Wireless communication devices use various wireless protocols to communicate with wireless networks. In some cases, a single wireless communication device may use multiple different wireless protocols, such as Frequency Division Duplex (FDD) and Time Division Duplex (TDD). For example, a wireless communication device may use an FDD protocol for voice communications and use a TDD protocol for data communications.
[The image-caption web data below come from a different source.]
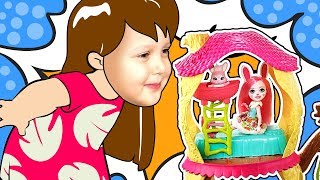 Enchantimals — набор Лесной домик панды Дрю Кролик Брю Кукла Енчантималс Kids Video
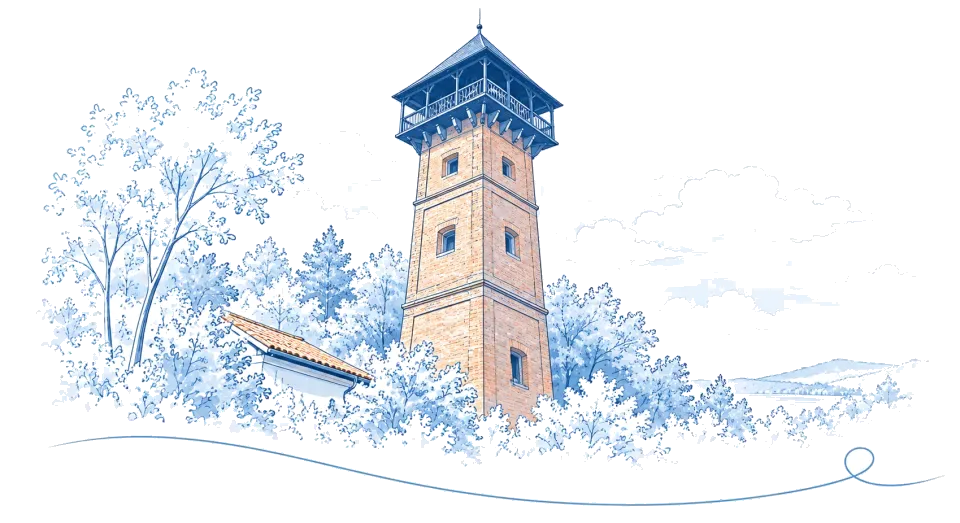 Illustration: Aussichtsturm auf dem Schlossberg in Regenstauf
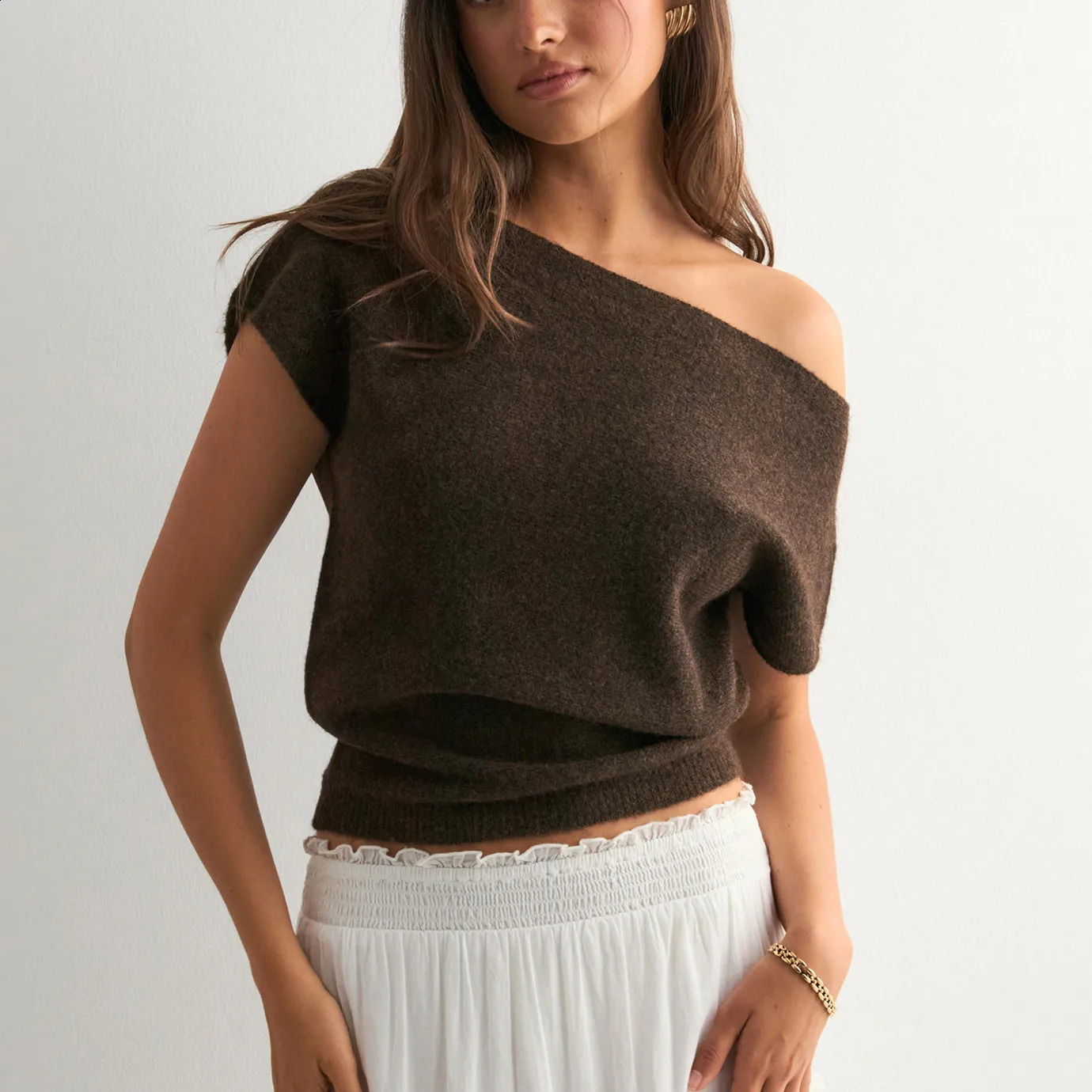 hirigin Off Shoulder Short Sleeve Knit T-Shirt Women Casual Loose Elegant Female Solid Sexy Knit Pullover Top Tees Outerwear 260916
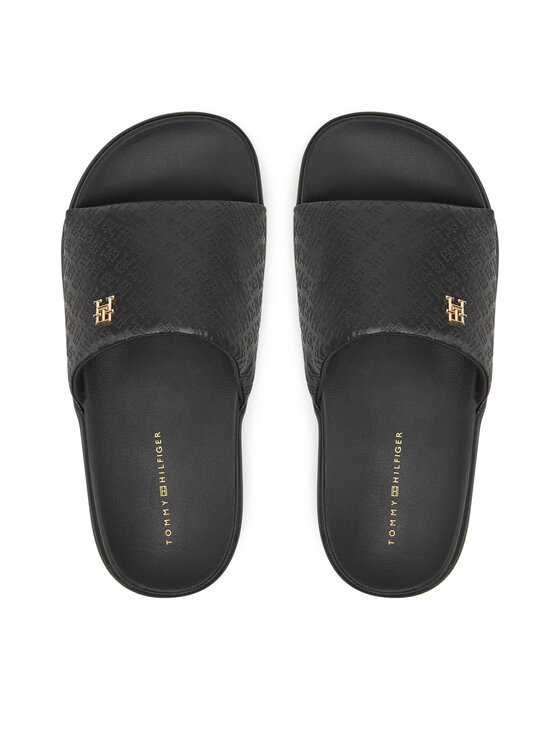 Tommy Hilfiger Tommy Hilfiger Şlapi Platform Monogram Poolslide FW0FW08526 Negru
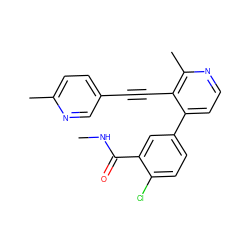 CNC(=O)c1cc(-c2ccnc(C)c2C#Cc2ccc(C)nc2)ccc1Cl ZINC000202383456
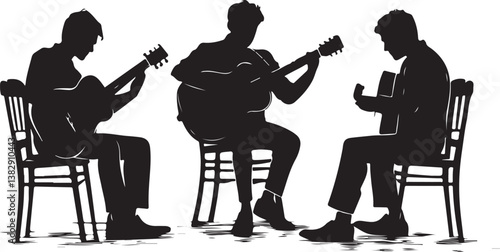 "Elegant Guitarist Silhouettes" or "Musical Princesses with Guitars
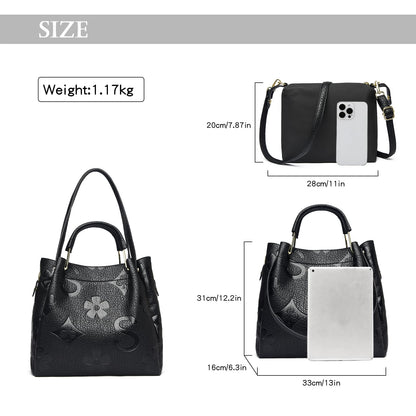 Travistar Floral Handbags and Purses Women - Retro Embossed Leather Top Handle Handbag Large Women's Shoulder Bag 3-in-1 Trendy Hobo Purse Ladies Bucket Satchel Bags Black Work Tote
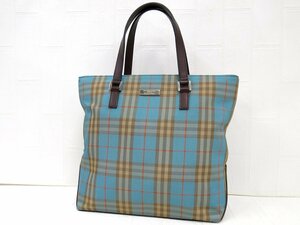 ◆美品◆BURBERRY バーバリー◆ノバチェック◆ナイロン カーフ レザー 本革◆ハンド トート バッグ◆水色 茶 ベージュ グレー 橙◆A4902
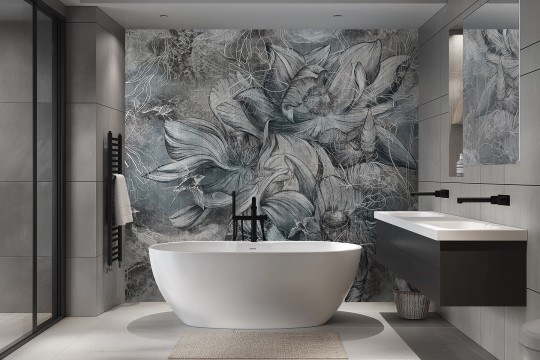 Lorenso TPA 0224 0068 00 Frevial - mural w szkice kwiatów i ptaków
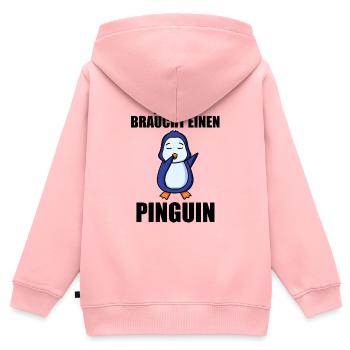 Pinguin Pinguine - Kinder Premium Organic Zip Hoodie - Rosa - Hinten - AI Model Kid Female (0cm)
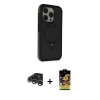 MARSİLYAN™- iPhone 15 Pro Max Kılıf Ahenk Yansıma Özel Seri - Siyah Buffer Cam Ekran Koruyucu + Raze Metal Kamera Lens - GS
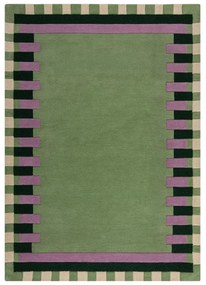 Zeleno-fialový ručne tkaný vlnený koberec 200x290 cm Kai Wool Border - Flair Rugs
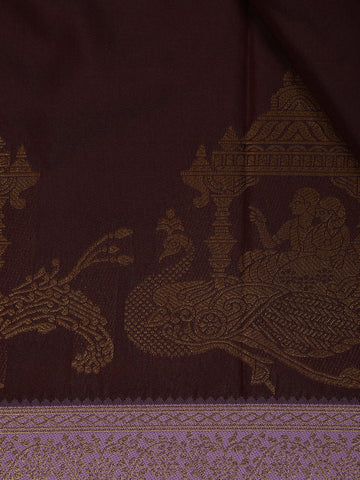 Deep Maroon Floral Design Zari Woven Soft Silk Saree - Diadem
Many of these wireless protocols have associated paging channels. The paging channels provide information to a user, such as network notifications, call alerts, message alerts, text messages, or some other user notifications or requests. Some wireless devices that use multiple protocols may only have a single transceiver to physically receive and transfer wireless signals. In these scenarios, the single transceiver may interrupt wireless communications over one protocol in order to look at the paging channel of another protocol. Thus, the one transceiver must monitor all of the paging channels.
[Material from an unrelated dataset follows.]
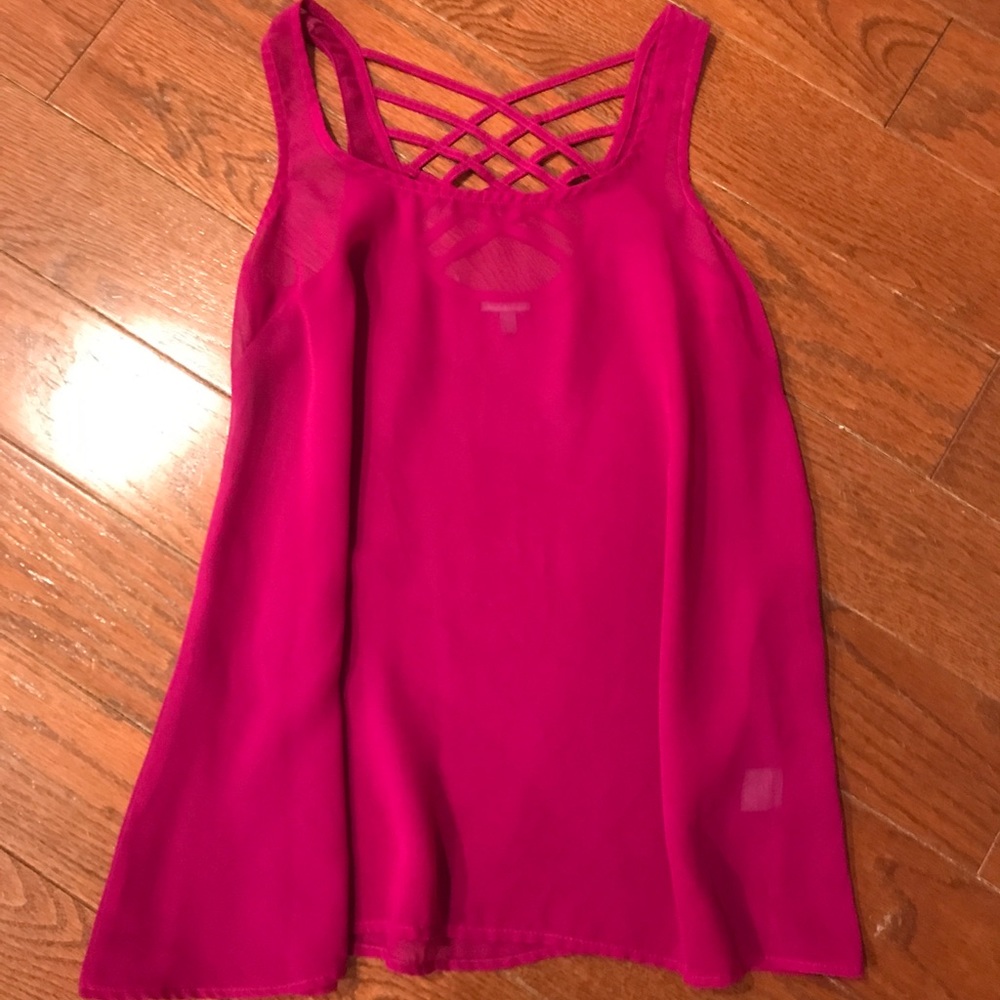 Magenta sheer top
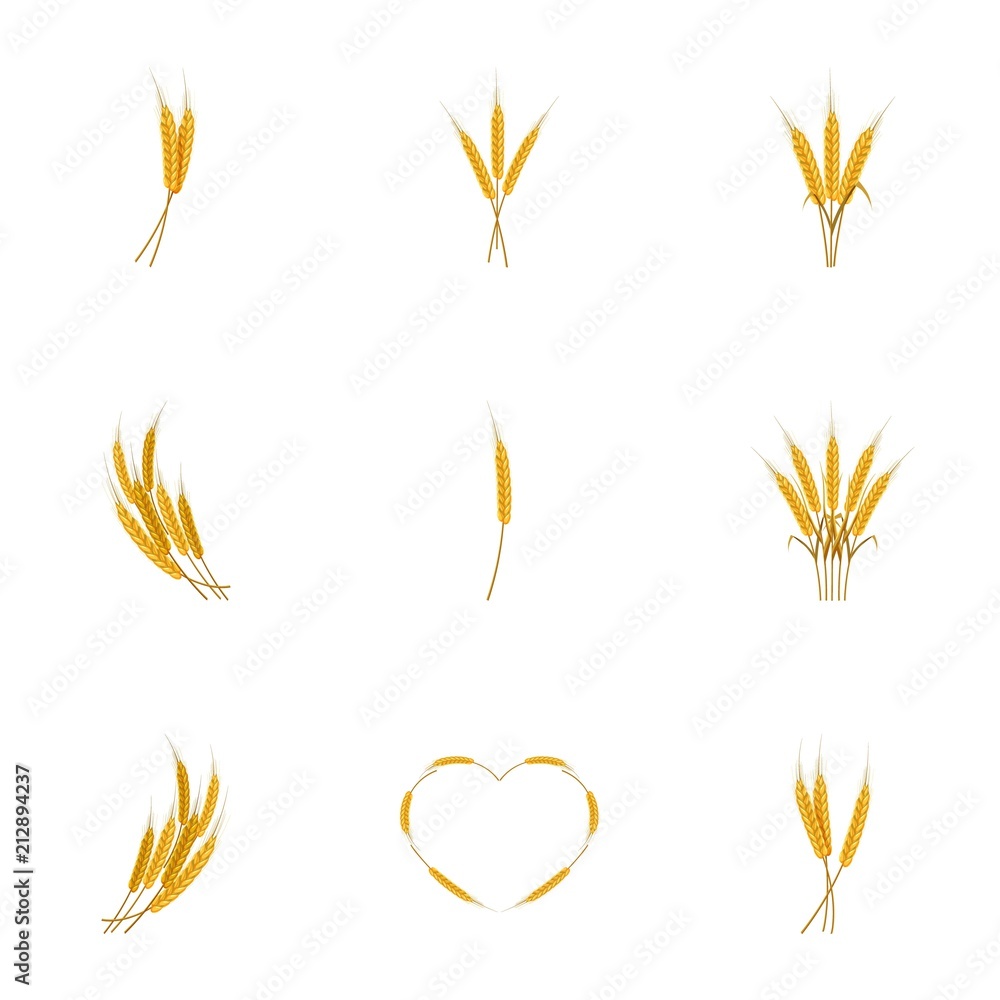 Poster ears of wheat bread icons set. cartoon set of 9 ears of wheat bread vector icons for web isolated on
Alternatively, the transceiver may not interrupt the wireless communications and simply miss the pages on the other protocol. Other wireless devices may be configured with multiple transceivers—one for each protocol. The use of multiple transceivers to monitor the paging channels of multiple different protocols quickly consumes battery life.
Overview
A wireless communication device communicates using a Long Term Evolution (LTE) wireless protocol and a different wireless protocol. The wireless device processes a first user input to direct a wireless transceiver to transmit and receive using the different wireless protocol and to direct a wireless paging receiver receive using the LTE wireless protocol. The transceiver then transmits and receives using the different wireless protocol, and the paging receiver receives pages using the LTE wireless protocol. The device processes a second user input to direct the transceiver to transmit and receive using the LTE wireless protocol, and the transceiver uses the LTE wireless protocol. In some examples, the device also processes the second user input to direct the paging receiver to receive other pages using the different wireless protocol, and the paging receiver receives the other pages using the different wireless protocol. The wireless paging receiver is not configured for wireless transmission.